Manuel Maria fervia de emoção e
recriminava-se (como se fora ele o responsável) pela inoportunidade da viagem que
o impedia de viver “em directo” alguns dos mais marcantes episódios da
Revolução de “25 de Abril” e uma das mais empolgantes gestas da História Pátria
– o Largo do Carmo, a rendição de Marcelo Caetano, a alegria, os abraços
anónimos, as correrias, as lágrimas
irreprimíveis, a profusão dos cravos vermelhos, o extravasar das emoções soltas, os gritos de vitória
e, nesse cadinho de sonhos e promessas, na medida, em que se ia consolidando a
Revolução, germinava, na acção política e na vontade das massas populares, a Aliança
Povo/MFA, esteio fundamental do êxito da Revolução.
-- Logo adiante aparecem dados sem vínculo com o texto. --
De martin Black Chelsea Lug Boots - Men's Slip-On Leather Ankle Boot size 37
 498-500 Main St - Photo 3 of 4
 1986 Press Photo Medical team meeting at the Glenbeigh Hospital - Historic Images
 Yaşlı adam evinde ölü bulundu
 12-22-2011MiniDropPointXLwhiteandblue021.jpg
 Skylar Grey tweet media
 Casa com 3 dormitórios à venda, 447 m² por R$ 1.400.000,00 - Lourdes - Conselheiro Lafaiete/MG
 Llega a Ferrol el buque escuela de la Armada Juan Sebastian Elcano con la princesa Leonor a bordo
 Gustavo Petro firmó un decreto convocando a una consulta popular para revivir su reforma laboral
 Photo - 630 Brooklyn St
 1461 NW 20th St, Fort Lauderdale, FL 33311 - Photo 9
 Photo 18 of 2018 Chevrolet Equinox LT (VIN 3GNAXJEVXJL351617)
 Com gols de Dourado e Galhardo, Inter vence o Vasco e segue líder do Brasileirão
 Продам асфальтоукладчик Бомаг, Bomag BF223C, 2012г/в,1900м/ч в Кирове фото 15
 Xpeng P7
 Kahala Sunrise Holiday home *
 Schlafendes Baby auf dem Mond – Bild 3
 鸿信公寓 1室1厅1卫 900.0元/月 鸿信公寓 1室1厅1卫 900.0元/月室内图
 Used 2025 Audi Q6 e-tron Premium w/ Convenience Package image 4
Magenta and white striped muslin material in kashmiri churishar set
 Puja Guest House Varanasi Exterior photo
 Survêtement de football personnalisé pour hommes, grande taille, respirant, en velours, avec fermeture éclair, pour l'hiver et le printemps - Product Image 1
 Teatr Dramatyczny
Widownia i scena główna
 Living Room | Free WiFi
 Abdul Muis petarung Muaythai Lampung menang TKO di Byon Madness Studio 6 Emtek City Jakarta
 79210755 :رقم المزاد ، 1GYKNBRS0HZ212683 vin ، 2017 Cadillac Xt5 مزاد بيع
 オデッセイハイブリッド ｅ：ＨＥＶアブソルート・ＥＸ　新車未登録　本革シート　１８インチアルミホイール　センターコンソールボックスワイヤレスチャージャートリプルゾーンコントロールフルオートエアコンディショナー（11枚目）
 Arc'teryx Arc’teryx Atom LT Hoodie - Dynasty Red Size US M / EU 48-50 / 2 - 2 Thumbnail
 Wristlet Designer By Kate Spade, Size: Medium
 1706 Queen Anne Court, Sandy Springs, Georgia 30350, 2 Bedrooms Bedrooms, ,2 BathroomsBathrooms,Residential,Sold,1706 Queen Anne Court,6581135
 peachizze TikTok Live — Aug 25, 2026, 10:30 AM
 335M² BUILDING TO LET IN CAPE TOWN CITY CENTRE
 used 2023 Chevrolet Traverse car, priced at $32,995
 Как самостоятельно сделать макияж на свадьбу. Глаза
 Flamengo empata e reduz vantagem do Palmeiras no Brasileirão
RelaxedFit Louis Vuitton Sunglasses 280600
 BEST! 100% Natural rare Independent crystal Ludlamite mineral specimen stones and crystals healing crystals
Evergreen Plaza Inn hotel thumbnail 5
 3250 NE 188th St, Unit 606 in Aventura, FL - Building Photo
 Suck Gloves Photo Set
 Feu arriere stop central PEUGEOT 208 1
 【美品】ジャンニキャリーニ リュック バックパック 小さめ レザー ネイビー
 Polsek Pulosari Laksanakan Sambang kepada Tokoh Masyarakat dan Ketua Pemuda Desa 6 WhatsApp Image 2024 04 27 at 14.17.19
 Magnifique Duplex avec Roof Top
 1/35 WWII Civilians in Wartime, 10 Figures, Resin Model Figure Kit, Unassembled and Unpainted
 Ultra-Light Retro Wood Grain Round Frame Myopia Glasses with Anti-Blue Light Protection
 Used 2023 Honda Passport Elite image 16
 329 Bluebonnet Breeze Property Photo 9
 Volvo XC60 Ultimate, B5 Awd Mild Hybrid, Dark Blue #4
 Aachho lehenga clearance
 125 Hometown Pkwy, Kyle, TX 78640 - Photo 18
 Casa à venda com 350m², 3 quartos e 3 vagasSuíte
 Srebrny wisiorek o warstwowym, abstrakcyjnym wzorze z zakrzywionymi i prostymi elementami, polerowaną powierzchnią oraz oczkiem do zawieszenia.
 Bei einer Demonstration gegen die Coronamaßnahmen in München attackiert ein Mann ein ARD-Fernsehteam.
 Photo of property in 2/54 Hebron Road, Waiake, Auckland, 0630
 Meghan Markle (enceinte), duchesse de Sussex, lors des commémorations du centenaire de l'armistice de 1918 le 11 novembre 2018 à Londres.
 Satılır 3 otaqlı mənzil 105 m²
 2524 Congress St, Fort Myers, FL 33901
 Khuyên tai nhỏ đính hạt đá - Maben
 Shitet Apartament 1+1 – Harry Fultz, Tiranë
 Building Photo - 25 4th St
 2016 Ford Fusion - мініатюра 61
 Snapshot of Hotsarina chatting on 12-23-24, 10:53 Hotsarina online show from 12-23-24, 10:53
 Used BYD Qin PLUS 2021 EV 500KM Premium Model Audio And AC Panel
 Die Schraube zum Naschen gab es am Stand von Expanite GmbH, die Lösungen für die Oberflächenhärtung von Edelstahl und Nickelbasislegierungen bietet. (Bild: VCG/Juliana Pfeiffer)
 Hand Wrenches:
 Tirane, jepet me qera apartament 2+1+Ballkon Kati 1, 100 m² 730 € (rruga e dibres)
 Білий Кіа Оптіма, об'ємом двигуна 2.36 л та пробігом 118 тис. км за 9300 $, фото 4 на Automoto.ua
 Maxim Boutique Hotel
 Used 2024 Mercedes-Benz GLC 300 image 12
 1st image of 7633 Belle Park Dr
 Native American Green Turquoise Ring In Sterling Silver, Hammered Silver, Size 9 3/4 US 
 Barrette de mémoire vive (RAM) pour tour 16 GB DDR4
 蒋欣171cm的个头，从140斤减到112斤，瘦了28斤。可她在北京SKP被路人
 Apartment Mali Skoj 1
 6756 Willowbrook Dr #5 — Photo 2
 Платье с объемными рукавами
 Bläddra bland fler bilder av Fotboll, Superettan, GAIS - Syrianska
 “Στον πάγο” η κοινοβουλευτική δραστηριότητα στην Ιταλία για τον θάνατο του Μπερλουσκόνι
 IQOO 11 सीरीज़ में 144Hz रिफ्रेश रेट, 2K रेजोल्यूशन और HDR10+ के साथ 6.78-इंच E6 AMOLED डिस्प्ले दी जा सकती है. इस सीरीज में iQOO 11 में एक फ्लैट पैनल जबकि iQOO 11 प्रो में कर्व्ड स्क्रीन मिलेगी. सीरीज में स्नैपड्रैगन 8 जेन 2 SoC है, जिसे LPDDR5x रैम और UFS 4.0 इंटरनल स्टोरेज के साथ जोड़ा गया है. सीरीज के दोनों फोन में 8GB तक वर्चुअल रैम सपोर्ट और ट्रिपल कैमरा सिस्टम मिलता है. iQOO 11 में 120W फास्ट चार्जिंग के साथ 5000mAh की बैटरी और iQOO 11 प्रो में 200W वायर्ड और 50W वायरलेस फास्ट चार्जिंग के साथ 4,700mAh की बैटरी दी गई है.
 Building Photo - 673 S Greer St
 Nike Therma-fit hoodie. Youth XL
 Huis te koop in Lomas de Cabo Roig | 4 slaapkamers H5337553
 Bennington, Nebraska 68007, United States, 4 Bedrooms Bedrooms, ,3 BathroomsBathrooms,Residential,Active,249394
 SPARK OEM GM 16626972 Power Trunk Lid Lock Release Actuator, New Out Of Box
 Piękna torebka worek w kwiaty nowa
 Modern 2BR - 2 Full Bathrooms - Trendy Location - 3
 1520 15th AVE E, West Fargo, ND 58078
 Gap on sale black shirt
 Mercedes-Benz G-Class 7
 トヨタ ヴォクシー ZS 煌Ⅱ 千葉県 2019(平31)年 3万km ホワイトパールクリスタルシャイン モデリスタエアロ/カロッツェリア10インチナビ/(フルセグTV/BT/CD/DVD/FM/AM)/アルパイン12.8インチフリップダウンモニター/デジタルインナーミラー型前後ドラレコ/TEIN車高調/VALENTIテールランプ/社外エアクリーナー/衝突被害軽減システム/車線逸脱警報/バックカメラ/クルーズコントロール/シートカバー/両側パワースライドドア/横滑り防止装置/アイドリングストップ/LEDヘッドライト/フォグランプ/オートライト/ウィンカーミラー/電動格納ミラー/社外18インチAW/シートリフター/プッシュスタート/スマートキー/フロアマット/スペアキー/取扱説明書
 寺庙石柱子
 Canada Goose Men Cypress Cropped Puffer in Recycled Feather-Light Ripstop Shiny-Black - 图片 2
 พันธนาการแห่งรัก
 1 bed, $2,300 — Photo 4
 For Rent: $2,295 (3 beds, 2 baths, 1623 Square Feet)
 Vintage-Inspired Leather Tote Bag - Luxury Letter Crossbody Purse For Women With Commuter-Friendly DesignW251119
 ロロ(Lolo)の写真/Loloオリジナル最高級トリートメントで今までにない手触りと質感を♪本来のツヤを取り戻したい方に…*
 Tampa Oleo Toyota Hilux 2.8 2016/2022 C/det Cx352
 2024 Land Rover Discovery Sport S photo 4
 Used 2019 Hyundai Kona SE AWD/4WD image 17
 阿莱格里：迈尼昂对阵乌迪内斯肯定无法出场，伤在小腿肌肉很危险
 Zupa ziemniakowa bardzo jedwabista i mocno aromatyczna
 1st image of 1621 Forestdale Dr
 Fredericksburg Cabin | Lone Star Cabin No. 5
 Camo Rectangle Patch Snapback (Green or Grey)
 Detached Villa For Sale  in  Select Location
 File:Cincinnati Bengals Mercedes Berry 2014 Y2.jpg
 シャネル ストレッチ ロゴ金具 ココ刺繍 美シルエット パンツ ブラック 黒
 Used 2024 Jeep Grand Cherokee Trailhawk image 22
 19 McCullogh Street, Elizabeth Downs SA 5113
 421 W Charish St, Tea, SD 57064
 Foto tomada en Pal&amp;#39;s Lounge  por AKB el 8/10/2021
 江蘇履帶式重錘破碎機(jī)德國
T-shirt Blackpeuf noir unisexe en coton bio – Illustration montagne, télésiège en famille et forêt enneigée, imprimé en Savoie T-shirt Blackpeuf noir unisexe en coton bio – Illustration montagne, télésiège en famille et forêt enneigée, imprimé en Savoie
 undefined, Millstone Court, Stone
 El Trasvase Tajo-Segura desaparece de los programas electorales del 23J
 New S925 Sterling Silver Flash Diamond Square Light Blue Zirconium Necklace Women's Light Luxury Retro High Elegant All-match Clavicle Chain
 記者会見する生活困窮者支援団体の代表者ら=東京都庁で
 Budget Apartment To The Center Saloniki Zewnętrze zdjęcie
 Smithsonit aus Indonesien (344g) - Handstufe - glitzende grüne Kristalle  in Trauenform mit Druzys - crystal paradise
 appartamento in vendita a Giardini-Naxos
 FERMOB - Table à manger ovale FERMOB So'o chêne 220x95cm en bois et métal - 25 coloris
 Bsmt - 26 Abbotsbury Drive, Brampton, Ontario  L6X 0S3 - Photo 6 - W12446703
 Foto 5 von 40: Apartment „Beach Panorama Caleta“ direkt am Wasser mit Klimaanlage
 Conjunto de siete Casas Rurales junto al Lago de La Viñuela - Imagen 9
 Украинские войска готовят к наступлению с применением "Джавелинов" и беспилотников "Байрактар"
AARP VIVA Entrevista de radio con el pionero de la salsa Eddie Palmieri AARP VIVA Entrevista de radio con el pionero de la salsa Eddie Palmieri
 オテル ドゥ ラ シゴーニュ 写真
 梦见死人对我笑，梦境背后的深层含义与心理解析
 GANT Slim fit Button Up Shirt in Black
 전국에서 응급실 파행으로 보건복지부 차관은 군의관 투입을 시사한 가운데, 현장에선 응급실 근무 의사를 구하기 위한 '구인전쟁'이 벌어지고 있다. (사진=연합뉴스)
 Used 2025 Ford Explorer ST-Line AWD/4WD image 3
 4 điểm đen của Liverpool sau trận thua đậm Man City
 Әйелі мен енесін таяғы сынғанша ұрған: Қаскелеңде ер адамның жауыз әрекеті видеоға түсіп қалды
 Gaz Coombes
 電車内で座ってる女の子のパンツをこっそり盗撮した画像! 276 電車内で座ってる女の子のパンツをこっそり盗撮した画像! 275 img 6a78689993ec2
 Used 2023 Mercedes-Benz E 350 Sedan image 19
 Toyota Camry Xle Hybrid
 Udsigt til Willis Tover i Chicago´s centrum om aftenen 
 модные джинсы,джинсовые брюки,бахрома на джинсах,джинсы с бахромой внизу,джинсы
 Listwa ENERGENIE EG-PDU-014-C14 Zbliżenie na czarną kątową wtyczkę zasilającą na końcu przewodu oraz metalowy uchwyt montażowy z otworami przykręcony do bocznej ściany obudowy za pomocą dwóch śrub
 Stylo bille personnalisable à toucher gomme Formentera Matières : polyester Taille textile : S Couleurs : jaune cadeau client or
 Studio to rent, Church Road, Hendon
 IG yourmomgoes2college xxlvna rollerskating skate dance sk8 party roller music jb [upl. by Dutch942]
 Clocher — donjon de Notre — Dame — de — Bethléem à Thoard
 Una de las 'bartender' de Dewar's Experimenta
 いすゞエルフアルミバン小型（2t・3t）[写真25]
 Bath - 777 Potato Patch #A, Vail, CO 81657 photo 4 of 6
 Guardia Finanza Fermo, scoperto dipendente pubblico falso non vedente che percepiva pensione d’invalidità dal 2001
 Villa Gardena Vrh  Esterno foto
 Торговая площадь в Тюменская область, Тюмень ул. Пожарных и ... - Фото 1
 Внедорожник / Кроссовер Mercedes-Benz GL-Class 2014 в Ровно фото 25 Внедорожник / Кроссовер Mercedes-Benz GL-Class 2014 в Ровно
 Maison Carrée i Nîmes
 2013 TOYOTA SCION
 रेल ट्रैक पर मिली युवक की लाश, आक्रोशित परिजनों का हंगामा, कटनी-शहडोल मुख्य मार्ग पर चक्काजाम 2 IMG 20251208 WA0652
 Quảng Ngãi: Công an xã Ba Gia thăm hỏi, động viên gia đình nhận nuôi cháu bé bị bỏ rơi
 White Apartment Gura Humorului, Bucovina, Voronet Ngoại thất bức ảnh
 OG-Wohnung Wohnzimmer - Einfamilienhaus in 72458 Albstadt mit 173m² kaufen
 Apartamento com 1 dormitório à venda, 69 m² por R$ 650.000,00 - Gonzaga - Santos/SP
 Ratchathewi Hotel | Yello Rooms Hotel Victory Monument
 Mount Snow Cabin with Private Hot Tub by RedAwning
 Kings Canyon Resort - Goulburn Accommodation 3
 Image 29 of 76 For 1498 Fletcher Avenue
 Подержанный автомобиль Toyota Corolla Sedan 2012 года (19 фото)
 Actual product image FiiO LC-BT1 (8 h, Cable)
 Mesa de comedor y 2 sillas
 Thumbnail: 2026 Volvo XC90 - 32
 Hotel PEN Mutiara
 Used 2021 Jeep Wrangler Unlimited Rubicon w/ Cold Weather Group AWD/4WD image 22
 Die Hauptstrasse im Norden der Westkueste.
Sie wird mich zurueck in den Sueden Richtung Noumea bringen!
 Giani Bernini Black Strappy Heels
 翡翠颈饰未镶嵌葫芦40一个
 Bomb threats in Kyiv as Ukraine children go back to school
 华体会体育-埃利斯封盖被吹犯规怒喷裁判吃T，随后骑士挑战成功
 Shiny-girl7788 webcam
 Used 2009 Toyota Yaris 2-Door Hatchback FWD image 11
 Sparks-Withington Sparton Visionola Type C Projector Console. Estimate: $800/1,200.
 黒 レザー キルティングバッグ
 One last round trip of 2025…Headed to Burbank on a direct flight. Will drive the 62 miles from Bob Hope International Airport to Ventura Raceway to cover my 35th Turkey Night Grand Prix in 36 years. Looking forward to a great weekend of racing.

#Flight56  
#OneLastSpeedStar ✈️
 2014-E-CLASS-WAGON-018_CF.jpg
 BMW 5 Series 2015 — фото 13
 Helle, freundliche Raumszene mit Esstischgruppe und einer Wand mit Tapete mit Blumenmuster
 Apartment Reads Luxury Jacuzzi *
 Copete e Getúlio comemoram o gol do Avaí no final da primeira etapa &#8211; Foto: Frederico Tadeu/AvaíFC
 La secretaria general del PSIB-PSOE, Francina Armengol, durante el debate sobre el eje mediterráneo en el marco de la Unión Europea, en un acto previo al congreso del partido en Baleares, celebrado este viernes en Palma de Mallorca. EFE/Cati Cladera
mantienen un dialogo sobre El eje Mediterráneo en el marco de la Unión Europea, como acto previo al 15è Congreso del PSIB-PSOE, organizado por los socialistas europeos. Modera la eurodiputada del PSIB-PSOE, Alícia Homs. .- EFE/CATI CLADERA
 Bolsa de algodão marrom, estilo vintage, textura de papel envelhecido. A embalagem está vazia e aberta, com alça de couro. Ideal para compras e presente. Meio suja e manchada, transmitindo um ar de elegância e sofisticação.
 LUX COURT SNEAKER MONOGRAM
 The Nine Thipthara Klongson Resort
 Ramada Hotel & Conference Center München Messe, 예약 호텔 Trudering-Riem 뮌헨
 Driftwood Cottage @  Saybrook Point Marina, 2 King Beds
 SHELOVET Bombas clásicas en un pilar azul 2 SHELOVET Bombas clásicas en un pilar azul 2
A viagem aproximava-se do fim. Até
Celorico, seria uma escassa meia hora de ronceira marcha do comboio. Depois,
mais uma hora, em estafada camioneta de passageiros e estaria, finalmente, na Casa Grande, a abraçar duas mulheres, que o amavam, como se
filho de ambas fosse.
Enganou-se, porém, Manuel Maria, num pequeno pormenor, um quase nada, que o deixou perplexo e que explode de tão densa significação – a recebê-lo, na saída da Estação, o vistoso Ford V8, ao serviço exclusivo do Senhor da Casa Grande
Manuel Veiga
4 comentários:
Há muito que não lia nenhum episódio desta excelente história.
Abraço e saúde
Um texto repleto de verdades que a realidade que bem conhecemos assim confirma.
Abraço amigo.
Juvenal Nunes
Um capítulo muito bem escrito que muito gostei de ler. Grato pela partilha.
Cumprimentos poéticos
.
Pensamentos e Devaneios Poéticos
.
Um livro excelente que tenho que acabar de ler.
Porém, apraz-me constatar que na prosa és igulmente fantástico!